To learn operating systems for this purpose, pretty much any “linux fundamentals” free course on YouTube would do the trick.
Speaking of Operating Systems in the previous section, OS’s run somewhere. That somewhere is on infrastructure. The infrastructure can be anything from:
- Bare metal
- Virtual machines in a hypervisor like ESXi or Hyper-V
- EC2 instances in AWS
- Azure virtual machines
and several other places.
The underlying infrastructure, at one point or another, will require you to get into troubleshooting it. The goal is definitely to not have to RDP or SSH into servers, but sometimes you might have to.
Not to mention that to run Kubernetes, you need to understand infrastructure architecture. Things like how many Kubernetes worker nodes you should run, data centers they should run in, high availability, auto scaling, and network connectivity all play a crucial role in Kubernetes operating the way it should.
To learn infrastructure, you’ll typically get this knowledge from a systems administrator, infrastructure engineer, cloud engineer, or virtualization engineer style role.
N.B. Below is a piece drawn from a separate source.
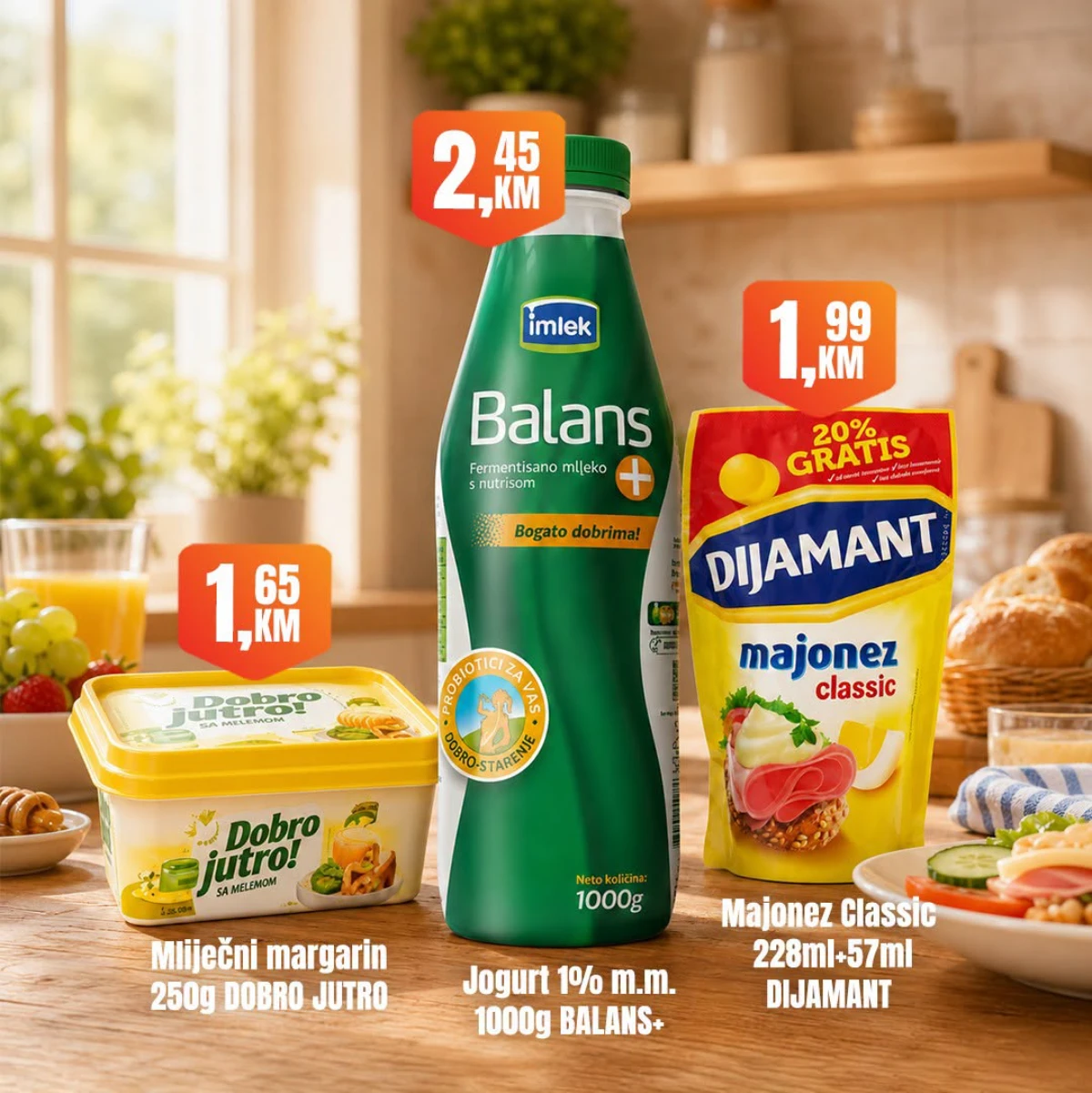 Fortuna Market vikend akcija – Balans jogurt, Dobro jutro margarin i Dijamant majonez po akcijskim cijenama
When you’re deploying a stateful application, that state needs to be stored somewhere. Kubernetes Pods and those containers in the Pods are 100% ephemeral, meaning, they are meant to be turned off, destroyed, and re-deployed. Because of that, you can’t rely on out-of-the-box Kubernetes Pods to manage state for you.
With that being said, you have to understand storage. Storage, from an IT perspective, is really just where you store data. That data can be anything from:
- Database data
- Audio clippings
and pretty much anything else. When thinking about storage, think about Google Drive, Dropbox, etc…
When it comes to applications, you’ll typically see data stored for the application that cannot be deleted without the application being corrupt. You’ll also see applications that need to connect to a database, like MySQL.
The primary ways that Kubernetes typically works with some type of stateful data is:
When it comes to an application, something always has to be stored somewhere. It’s no different when it comes to Kubernetes.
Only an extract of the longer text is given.